Problem analyzing rod-slot 2-D Lorentz contraction paradox

1. Jul 8, 2014

nixed

I have encountered a difficulty which arises from my attempt to combine non collinear Lorentz transformations in analyzing the following problem:

A thin rod is cut from a metal plate leaving a slot of exactly the same size. The two are separated and set in motion thus: the rod lies along x and moves in the x direction with velocity Vx . The plate is oriented along x but at position -y, is set in motion along y direction with velocity Vy. The center of the slot and the center of the rod will coincide at time tc. Will the rod pass through the slot? Consider the point of view of an observer on the ground G, and one on the rod R, and one on the plate P.

The observers P and G both agree the rod should pass as it is Lorentz contracted so is smaller than the slot but the observer R will say the slot is contracted so how can the rod pass?

To resolve the apparent paradox I attempted to relate the space time coordinates of events in each frame as follows:

Coords of an event in G = (t, X, Y) = { Xi } .
Coords of same event in R = {Xir} = L(Vx). {Xi} ie a Lorentz boost in the direction of x by the rod’s speed. In this frame the rod is stationary and the plate moves with velocity components –Vx and Vy’= Vy . √( 1 – (Vx/c)2 ), so the correct relative velocity of the plate and rod are

Vr = Vx2 + Vy2 – (Vx2 )( Vy2)/c2 and the angle this makes to x axis is tan Θr = Vy’/Vx

Now comes the problem! To get the coordinates of the same event in frame P , so all the motion is carried by the rod, I could either perform the transformation from the rod’s frame by the relative velocity vector Vr relating the rod and the plate so

Coords of event in P = L (Vr) . {Xir} = L(Vr). L(Vx). {Xi}

Alternativley I could go from frame G by transforming along y by L(Vy) to give

Coords of event in P = L(Vy) . {Xi}

However these two methods give different results! Despite both methods leaving the plate stationary and the rod moving- so apparently the same physical situation.

i.e. L(Vr). L(Vx) is not equal to L(Vy). The second method gives the same magnitude to the relative velocity between rod and plate but a different angle of this velocity to the x axis (call it Θp) such that

tan Θp = tan Θr /√( 1- (Vr/c)2 )
So which of these two methods gives the correct relation of the coordinates of an event in frame P to that in Frame R and to G?

2. Jul 8, 2014

WannabeNewton

The second half of your post is almost incomprehensible to me because of your choice of notation and lack of LaTeX.

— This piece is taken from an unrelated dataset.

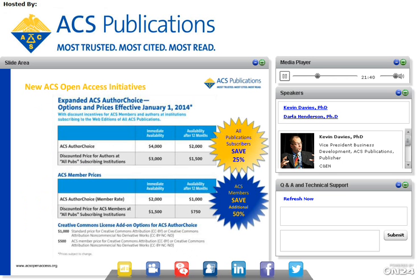Our new open access initiatives provide a range of prices from $750 to $4,000 for basic open access. If you're an ACS member, you can save an additional 50%, as you can see here — ACS member prices are in the second chart and non-member prices in the top chart. On top of that, if you are an author at an institution that subscribes to all publications, you can save an additional 25%, with a combined discount also available. We have Creative Commons options — both CC BY and CC BY-NC-ND — available as a $1,000 add-on, or $500 for ACS members, and they can be added to any of the options above.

Let $L$ be the rest length of the rod, $(-x_0, 0)$ the initial position of its center, and $(0,-y_0)$ the initial position of the center of the slot in the plate with the length of the plate aligned along the $x$ axis. Let the plate move up along $y$ with velocity $v_y$ at time $-t_0$ and let the rod move right along $x$ with velocity $v_x$ also at time $-t_0$. Then $\frac{x_0}{v_x}- t_0$ is the time at which the center of the rod reaches the origin and $\frac{y_0}{v_y} - t_0$ is the time at which the center of the plate reaches the origin. In order for these to coincide, we need $\frac{x_0}{v_x}=\frac{y_0}{v_y}$; furthermore choose $t_0 = \frac{x_0}{v_x}$ so that the centers of the plate and rod coincide at $t = 0$; with these initial conditions, the front end of the plate reaches the $x$ axis at the event $(0,L/2,0)$ and the back end of the plate reaches the $x$ axis at the event $(0,-L/2,0)$. At this instant, the ends of the rod will be located at $(\frac{L}{2\gamma}, 0)$ and $(-\frac{L}{2\gamma},0)$. This is all in the ground frame.

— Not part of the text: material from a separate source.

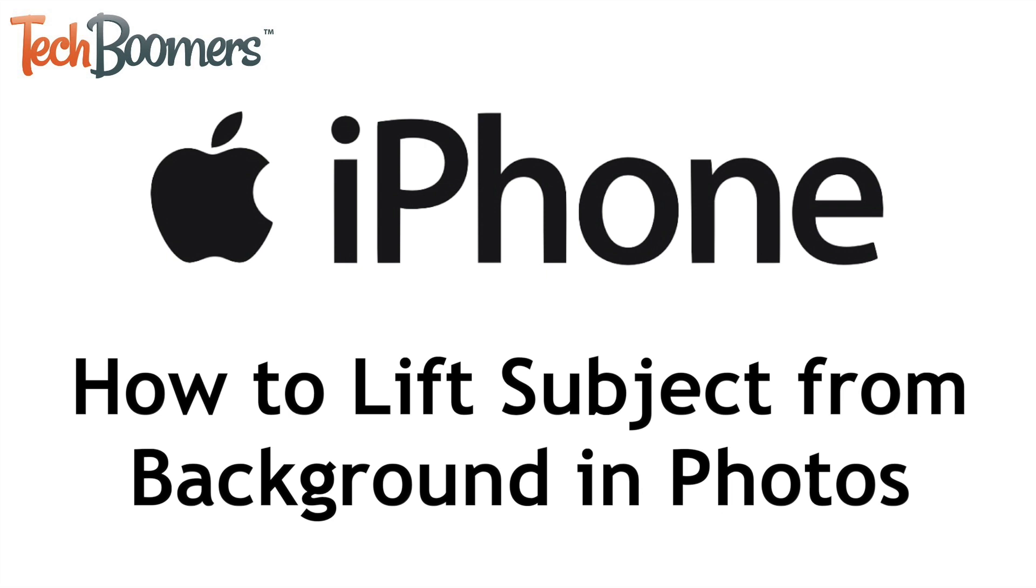I'm Jessica from techboomers.com, and in this video, I'll show you how to lift the subject from a photo on iPhone. Now let's get started.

Now boost to the frame $(t',x',y')$ of the rod when its center passes the origin. The centers still coincide at $(0,0,0)$ but the front end of the plate reaches the $x'$ axis at $(-\gamma v_x L/2, \gamma L/2, 0)$ and the back end of the plate reaches the $x'$ axis at $(\gamma v_x L/2, -\gamma L/2,0)$; the ends of the rod are always located at $(L/2,0)$ and $(-L/2,0)$. In particular, this means the front end of the plate passes through the rod before the centers meet and the centers meet before the back end of the plate passes through the rod; this is of course because the plate is rotated in the rod frame by an angle relative to the $x'$ axis given by $\tan\theta = \gamma v_x v_y$.

Therefore, due to the rotation of the plate in the rod frame, the plate still completely passes through the rod even though it is length contracted along the $x'$ direction. I'll leave it to you to work out any further details.

3. Jul 8, 2014

4. Jul 9, 2014

nixed

Im sorry it wasn't clear: This is what I meant: The same physical event , call it i, has coordinates t, X, Y which are different in the three reference frames G (ground), P (plate), R (rod). The {Xi} is a 3x1 column matrix of the coordinates of the event in the G frame. {Xir} is the 3x1 column matrix of the same event in the R frame , {Xip} in the P frame. These coordinates are related to each other by the appropriate Lorentz transformations denoted L(V) etc. These L(V) are 3x3 matrices eg

L(Vx)=

$$\begin{pmatrix} γx & -γxVx & 0\\ xVx & γx & 0\\ 0 & 0 & 1 \end{pmatrix}$$

for the Lorentz boost by velocity Vx along the positive x axis.

γx= 1/√(1-(Vx/c)2)

i hope that clarifies the situation.

The problem then is that the apparent equivalence of the two possible routes from frame G to frame P Ie 1) a boost by Vx then by Vr or 2) a boost by Vy do not lead the initial coordinates {xi} in frame G being transformed into the same point in frame P because L(Vr).L(Vx)≠ L(Vy) So which of the two routes gives the correct coordinates of the event in frame P? Why do the two routes differ?

(im not sure why the latex did not formulate the matix -ill try and sort this out)

Last edited: Jul 9, 2014
5. Jul 9, 2014

DrGreg

To do subscripts within LaTeX you use V_x not [noparse]Vx[/noparse].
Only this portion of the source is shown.